Monzo's Playbook for Fraud Detection

Monzo's fraud detection platform processes transactions for over 12.1 million users, who spent more than £55 billion through the bank in 2024. The system is designed to handle this scale with ultra-low latency, as fraudulent transactions account for fewer than one in every ten thousand transactions. The architecture is built on a reactive, microservices-based platform using Google Cloud's BigQuery and Vertex AI. Each transaction passes through a four-step process: identifying applicable controls, loading features from a dedicated service, executing logic written in Starlark, and finally applying actions like blocking a payment or issuing a warning. Monzo's previous production model was a LightGBM baseline, which has now been compared against the new multi-task neural network. This newer approach, focused on representation learning, demonstrated superior ability to generalize and maintain higher recall on rare and previously unseen fraud behaviors. The emphasis on "adversarial adaptation" is a direct response to the tactics of sophisticated fraudsters. Attackers constantly probe systems with low-risk transactions to learn the rules, adapt their strategies to mimic legitimate behavior, and then scale the attacks once a weakness is found, creating a continuous arms race. This system has shown measurable results in reducing losses from authorized push payment (APP) scams.

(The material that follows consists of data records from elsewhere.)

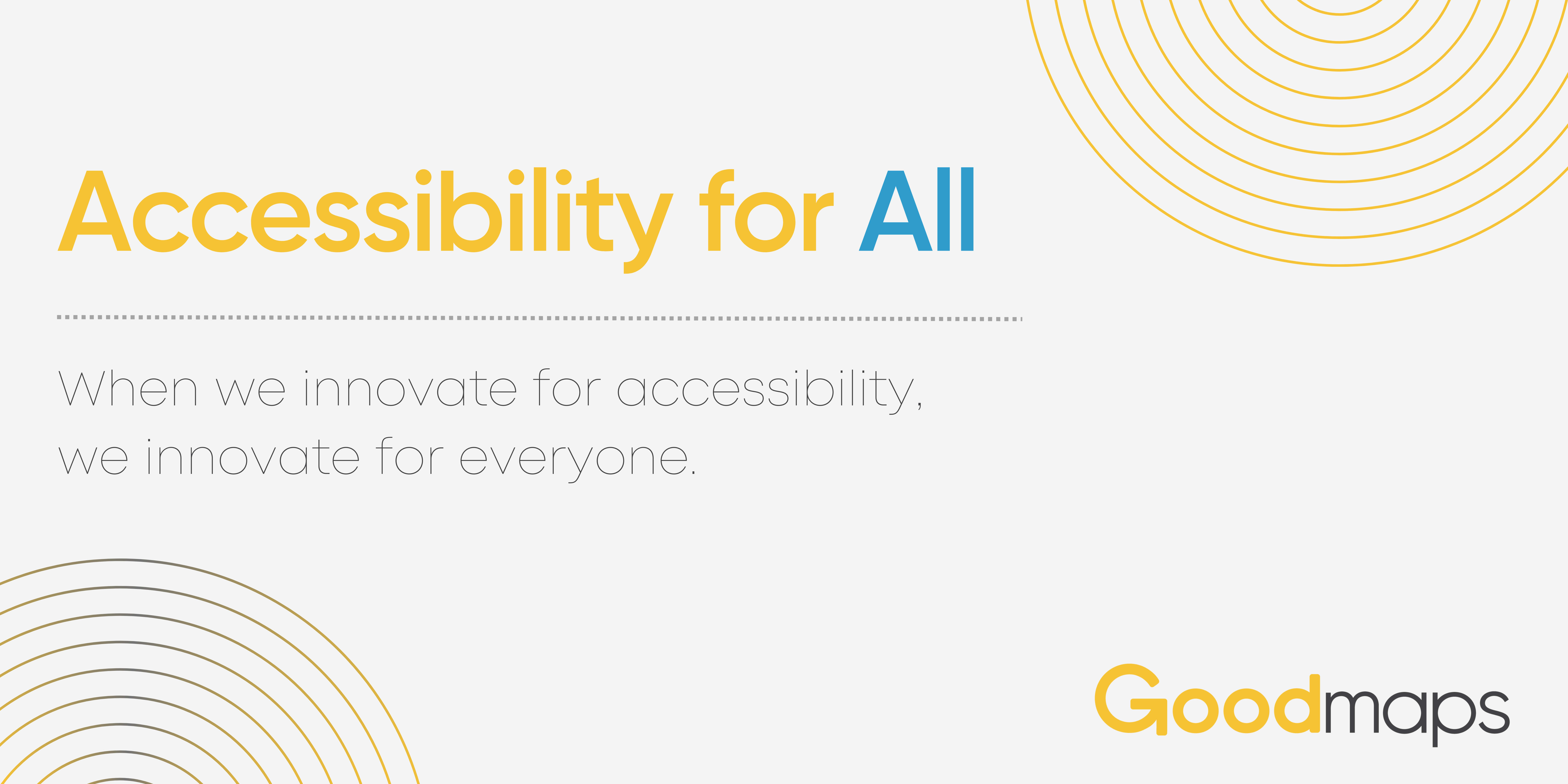 Accessibility for All – When we innovate for accessibility, we innovate for everyone.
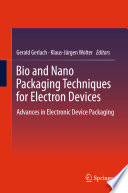 Bio and Nano Packaging Techniques for Electron Devices Book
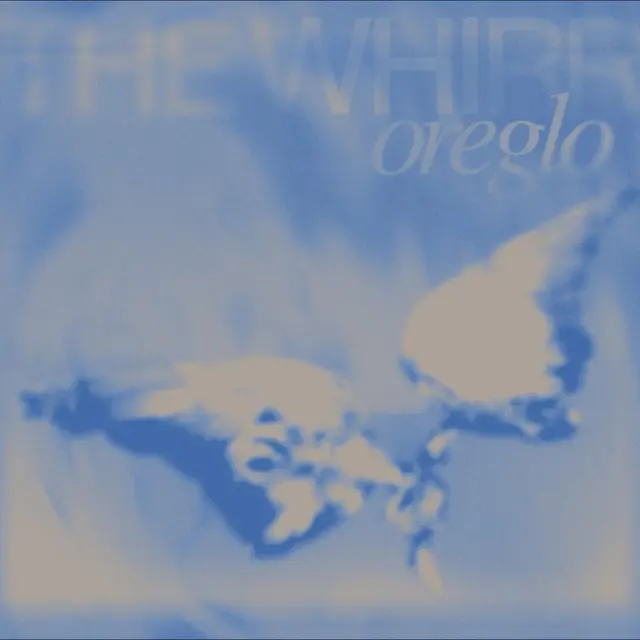 Oreglo The Whirr (12") 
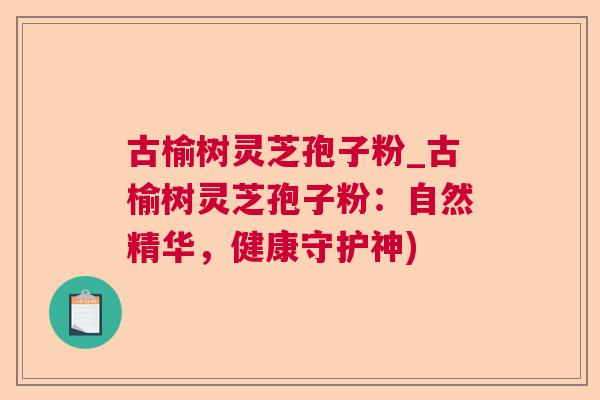 古榆树灵芝孢子粉_古榆树灵芝孢子粉：自然精华，健康守护神)  第1张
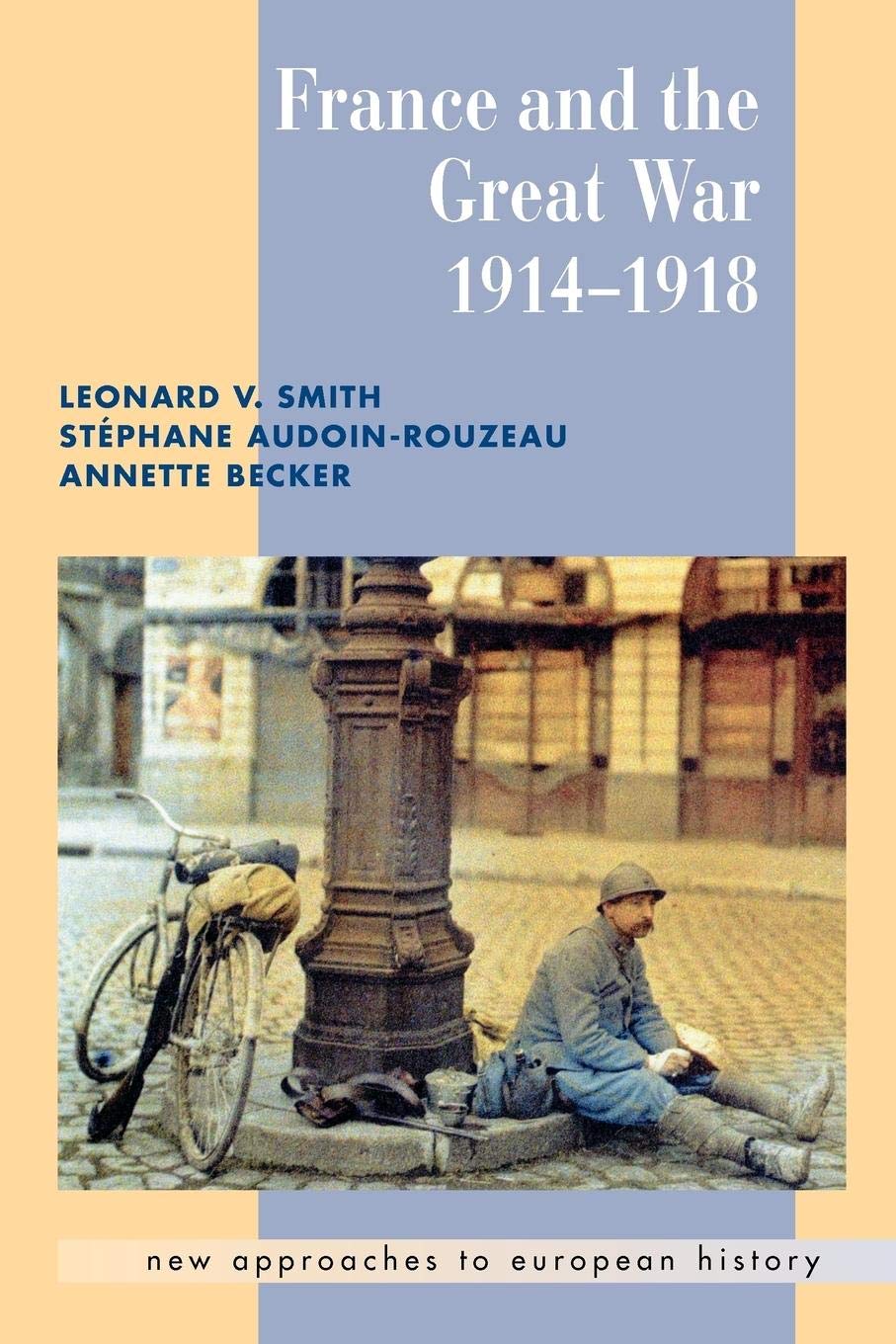 France And The Great War (New Approaches To European History, Series Number 26),New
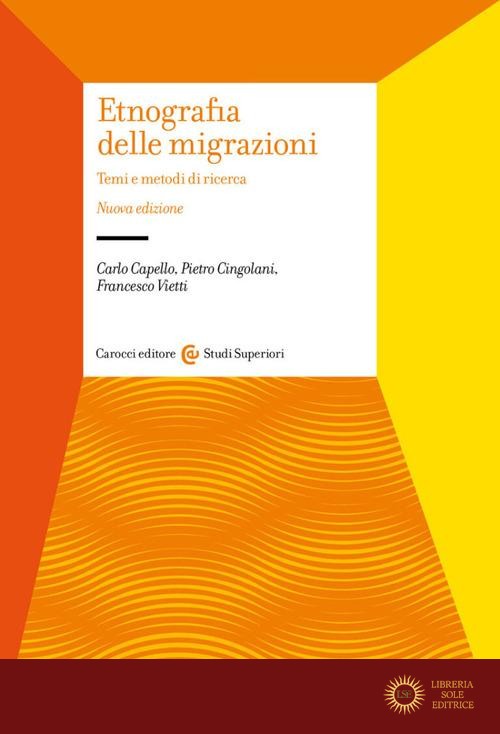 Etnografia delle migrazioni. Temi e metodi di ricerca. Nuova ediz. - Carlo Capello, Pietro Cingolani, Francesco Vietti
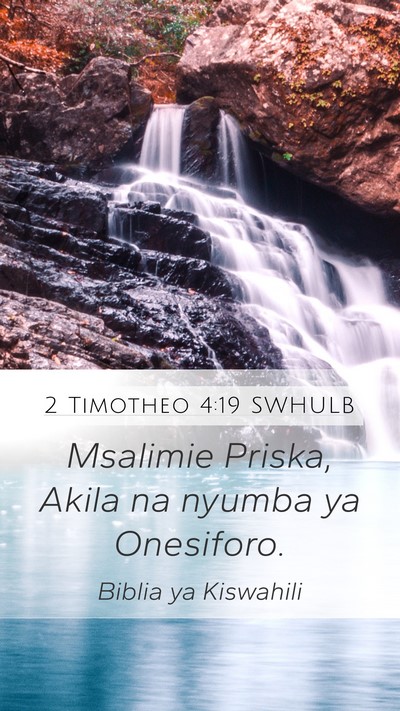 2 Timotheo 4:19 SWHULB Mobile Phone Wallpaper - Msalimie Priska, Akila na nyumba ya - Mobile Bible Verse Wallpaper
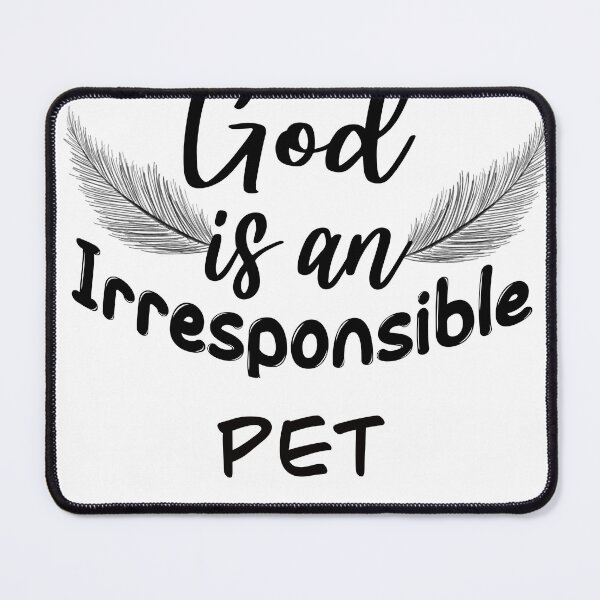 Item preview, God is irresponsible designed and sold by Artistaffame.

In 2023, Monzo reported that its machine learning models helped limit losses to just £213 for every £1 million transacted. Operating within the UK's regulatory framework, Monzo's use of AI is overseen by the FCA and PRA, which apply existing financial rules rather than AI-specific legislation. Key constraints shaping their system design include stringent data protection, privacy rules, and the FCA's Consumer Duty.